Meena Murugesan (MFA, UCLA) is a Bessie Award winning video and dance artist living on Tongva land. Meena creates experimental non-linear narratives at the intersection of live performance, video art and social issues. Meena grapples with the movement practices of dominant caste bharata natyam, improvisation and somatic bodywork, as well as the visual practices of contemplative documentary, collage and projection mapping. Meena centers an antiracist, anti-caste, feminist, queer and melanin rich creative liberatory practice. Meena is currently directing a multimedia movement series entitled Dravidian Futurities about Afro-Dravidian connections, casteism, colorism, and rural Tamil rituals of possession/trance. Meena is a member of collectives SiriusShapeShifters (with d. Sabela grimes) and SAEDA (South Asian Experimental Dance Artists).

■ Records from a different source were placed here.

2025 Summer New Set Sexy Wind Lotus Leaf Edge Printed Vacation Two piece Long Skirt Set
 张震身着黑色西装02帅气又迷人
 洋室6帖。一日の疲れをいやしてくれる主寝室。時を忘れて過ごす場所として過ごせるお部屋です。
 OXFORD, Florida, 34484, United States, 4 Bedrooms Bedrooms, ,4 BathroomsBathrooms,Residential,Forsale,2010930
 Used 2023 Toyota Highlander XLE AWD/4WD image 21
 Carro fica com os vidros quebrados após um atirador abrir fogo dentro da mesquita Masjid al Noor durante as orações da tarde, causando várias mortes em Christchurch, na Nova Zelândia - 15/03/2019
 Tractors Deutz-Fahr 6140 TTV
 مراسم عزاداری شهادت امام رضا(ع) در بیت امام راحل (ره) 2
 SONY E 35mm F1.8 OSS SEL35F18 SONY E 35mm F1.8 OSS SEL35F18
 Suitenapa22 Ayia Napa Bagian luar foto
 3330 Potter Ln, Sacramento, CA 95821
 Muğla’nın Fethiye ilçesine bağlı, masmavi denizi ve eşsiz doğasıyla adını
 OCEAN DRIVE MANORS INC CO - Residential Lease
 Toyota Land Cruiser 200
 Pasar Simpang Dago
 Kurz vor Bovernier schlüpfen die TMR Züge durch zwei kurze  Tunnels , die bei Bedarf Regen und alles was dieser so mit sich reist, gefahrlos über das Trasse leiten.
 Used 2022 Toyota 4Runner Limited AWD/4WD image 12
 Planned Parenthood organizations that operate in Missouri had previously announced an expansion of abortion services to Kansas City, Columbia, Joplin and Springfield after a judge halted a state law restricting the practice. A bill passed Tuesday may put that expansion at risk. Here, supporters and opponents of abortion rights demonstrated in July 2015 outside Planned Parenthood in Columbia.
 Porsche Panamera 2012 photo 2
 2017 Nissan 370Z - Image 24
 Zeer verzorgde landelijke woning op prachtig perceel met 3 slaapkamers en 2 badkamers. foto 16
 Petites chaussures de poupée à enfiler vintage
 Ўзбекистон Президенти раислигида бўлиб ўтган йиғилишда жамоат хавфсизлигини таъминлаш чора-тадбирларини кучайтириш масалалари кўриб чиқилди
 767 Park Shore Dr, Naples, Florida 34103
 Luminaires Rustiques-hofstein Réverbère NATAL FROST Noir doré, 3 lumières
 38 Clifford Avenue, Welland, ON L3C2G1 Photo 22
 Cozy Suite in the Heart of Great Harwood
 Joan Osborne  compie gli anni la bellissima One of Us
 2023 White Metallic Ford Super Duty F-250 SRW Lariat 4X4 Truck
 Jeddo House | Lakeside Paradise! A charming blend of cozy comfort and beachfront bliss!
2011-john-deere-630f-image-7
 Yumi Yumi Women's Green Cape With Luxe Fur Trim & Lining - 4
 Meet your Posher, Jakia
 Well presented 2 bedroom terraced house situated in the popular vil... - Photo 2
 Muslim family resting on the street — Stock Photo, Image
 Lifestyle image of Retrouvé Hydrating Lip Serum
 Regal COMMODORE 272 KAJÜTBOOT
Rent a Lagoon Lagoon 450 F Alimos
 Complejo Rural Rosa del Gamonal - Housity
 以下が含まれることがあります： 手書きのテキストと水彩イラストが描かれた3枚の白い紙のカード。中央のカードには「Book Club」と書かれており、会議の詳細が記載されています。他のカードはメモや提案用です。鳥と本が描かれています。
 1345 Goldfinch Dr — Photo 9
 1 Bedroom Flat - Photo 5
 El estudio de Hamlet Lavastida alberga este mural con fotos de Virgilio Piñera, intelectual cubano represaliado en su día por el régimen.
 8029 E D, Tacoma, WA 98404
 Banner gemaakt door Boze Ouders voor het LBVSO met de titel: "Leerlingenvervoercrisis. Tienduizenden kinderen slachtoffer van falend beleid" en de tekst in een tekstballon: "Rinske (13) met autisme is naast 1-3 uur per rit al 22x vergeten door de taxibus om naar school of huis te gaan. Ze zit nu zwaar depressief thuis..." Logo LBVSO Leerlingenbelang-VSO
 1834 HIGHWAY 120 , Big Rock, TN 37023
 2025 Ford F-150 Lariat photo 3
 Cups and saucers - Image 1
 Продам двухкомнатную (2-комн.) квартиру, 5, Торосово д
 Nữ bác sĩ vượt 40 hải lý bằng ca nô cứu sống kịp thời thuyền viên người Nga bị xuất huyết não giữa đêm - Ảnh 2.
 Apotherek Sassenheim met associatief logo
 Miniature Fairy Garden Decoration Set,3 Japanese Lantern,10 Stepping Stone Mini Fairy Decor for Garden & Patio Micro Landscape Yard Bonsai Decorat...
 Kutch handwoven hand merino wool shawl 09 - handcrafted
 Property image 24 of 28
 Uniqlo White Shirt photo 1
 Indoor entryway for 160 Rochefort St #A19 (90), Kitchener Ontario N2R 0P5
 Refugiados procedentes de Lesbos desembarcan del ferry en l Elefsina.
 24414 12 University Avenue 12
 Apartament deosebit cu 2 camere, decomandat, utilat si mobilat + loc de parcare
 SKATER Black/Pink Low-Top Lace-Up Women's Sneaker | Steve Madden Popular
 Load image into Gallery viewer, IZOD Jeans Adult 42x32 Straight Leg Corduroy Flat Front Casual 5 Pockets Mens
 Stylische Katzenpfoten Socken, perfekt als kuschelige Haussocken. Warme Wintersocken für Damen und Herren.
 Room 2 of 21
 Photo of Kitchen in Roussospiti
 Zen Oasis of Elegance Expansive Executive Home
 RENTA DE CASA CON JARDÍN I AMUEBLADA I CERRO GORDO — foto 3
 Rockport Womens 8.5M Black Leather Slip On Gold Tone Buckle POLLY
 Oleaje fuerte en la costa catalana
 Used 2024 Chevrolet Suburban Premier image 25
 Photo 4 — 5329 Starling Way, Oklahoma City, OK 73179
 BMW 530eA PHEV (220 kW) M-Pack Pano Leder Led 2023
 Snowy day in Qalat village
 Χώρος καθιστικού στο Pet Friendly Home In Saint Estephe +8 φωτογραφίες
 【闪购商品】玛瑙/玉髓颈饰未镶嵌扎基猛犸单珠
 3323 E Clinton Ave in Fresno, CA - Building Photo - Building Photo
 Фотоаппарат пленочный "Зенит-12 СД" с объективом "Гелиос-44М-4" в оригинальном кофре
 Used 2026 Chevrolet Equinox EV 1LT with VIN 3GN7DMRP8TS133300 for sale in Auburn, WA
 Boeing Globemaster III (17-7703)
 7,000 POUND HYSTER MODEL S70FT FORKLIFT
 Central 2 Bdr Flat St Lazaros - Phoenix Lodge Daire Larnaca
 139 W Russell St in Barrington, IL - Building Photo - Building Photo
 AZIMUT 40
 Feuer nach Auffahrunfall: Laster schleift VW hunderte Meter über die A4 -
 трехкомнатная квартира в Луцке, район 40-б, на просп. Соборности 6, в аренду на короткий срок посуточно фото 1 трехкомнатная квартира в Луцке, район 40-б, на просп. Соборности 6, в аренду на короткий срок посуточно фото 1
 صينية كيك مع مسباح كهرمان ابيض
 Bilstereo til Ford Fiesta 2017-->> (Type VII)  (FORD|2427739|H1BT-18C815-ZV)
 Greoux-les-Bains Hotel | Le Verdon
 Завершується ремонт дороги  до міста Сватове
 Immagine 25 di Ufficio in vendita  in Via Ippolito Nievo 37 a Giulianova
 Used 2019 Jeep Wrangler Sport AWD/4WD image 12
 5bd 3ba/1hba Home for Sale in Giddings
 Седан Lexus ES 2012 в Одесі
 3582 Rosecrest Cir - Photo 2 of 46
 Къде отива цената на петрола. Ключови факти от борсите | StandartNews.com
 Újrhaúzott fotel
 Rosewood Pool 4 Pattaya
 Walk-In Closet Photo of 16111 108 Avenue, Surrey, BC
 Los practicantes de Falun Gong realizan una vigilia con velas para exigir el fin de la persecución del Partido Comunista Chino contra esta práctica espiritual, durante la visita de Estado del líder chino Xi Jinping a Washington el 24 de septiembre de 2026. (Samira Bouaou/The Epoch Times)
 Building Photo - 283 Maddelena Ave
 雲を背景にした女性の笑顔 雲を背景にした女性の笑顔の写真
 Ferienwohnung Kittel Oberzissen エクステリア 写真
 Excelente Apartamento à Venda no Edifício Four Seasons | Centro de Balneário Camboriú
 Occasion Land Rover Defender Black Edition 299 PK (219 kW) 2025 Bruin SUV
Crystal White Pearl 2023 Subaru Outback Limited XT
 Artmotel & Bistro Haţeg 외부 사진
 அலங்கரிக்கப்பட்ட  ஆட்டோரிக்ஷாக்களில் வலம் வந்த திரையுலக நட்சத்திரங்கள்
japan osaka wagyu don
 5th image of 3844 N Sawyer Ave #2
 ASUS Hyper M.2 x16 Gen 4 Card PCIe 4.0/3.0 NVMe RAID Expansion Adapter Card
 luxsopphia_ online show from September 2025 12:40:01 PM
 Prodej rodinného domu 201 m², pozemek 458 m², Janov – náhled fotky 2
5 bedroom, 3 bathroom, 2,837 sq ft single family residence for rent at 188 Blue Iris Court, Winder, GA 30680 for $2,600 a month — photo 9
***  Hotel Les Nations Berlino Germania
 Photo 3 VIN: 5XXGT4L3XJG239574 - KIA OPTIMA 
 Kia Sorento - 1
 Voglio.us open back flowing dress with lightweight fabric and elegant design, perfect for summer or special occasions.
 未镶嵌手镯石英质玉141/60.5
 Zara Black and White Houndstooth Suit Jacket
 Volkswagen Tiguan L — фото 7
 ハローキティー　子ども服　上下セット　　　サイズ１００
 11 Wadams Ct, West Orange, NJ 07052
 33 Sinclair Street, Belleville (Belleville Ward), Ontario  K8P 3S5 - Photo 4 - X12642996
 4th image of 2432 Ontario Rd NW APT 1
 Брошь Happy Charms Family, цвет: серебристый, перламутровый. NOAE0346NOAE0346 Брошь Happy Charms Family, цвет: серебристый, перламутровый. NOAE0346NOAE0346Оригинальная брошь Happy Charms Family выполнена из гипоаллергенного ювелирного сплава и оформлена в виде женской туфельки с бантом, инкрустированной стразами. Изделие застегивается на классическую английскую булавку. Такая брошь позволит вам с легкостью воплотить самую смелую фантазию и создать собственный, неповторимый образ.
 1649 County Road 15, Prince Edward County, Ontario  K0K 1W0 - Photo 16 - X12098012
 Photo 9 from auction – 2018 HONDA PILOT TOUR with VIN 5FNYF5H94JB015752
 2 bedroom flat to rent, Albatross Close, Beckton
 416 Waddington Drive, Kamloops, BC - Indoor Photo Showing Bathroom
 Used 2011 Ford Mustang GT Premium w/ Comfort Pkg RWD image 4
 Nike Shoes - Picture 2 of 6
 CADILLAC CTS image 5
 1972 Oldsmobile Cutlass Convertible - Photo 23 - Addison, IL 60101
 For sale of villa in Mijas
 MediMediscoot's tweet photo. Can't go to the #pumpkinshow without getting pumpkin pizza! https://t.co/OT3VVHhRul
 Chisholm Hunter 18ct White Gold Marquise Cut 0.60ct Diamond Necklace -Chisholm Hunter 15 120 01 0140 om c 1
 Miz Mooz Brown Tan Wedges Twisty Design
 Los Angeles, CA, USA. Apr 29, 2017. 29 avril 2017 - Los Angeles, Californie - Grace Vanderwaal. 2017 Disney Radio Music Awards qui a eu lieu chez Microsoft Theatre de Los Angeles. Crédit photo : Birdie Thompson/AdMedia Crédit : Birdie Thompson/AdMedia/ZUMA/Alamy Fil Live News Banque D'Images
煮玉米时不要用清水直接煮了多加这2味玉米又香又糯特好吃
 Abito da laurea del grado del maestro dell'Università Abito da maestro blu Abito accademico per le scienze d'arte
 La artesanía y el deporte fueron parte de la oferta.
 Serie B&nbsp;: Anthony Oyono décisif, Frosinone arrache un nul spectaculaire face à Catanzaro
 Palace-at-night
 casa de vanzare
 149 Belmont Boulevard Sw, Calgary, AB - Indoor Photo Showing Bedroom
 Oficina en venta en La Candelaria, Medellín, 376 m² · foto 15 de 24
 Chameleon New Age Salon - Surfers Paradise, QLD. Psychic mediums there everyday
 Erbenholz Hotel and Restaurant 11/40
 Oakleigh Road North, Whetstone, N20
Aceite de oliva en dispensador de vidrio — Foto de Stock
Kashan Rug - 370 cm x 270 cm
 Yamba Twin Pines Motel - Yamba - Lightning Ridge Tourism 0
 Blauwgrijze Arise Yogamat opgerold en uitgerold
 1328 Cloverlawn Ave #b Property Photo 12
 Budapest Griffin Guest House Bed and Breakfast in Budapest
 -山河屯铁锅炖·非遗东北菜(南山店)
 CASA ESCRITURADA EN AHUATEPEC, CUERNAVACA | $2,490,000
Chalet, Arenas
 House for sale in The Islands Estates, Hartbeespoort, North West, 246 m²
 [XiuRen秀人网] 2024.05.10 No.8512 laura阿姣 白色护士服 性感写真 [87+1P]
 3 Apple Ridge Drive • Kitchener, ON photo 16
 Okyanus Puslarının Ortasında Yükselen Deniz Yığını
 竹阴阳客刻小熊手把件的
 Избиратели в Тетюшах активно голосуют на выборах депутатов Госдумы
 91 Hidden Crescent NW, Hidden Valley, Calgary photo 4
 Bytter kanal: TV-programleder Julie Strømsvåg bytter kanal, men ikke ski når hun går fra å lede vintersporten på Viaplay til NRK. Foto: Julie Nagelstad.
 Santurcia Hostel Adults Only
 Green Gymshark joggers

Born and raised on unceded Kanion’Ke:Haka land (Montreal, Quebec) Meena has been living on occupied Tonva-Kizh land 2011. Meena has designed multi-channel video installations for live performance with directors and choreographers such as Jaamil Olawale-Kosoko, taisha paggett, d. Sabela grimes, Marjani Forte-Saunders (Bessie Award for Best Visual Design, "Memoirs of a...Unicorn," 2019), Embodiment Project, Sita Frederick, Christopher Emile/No)one.Art House, Lionel Popkin and D'Lo (nominated for Best Projections for an Intimate Theater, 2021), among others. Since being in LA, Meena has danced with choreographers taisha paggett, Shyamala Moorty, Sheetal Gandhi, Laurel Tendindo, Emily Beattie, Alison D'Amato, Carol McDowell, among others. Meena's dance, video art, or collaborative video projection design work has been presented at Getty Museum, Getty Villa, Underground Museum, Broad Museum, MOCA LA, The Ford Amphitheater, Pieter, LACE, UCLA, ODC, YBCA, Dance Mission, Abrons Arts Center, Gibney, NYLA, 651 Arts, EMPAC, Jacob's Pillow, SOPHIENSALE, Pearlstein Gallery, Black Star Film Festival, ICA Philadelphia, Opera Omaha, Tangente, MAI, Le Gesu, Monument National, etc.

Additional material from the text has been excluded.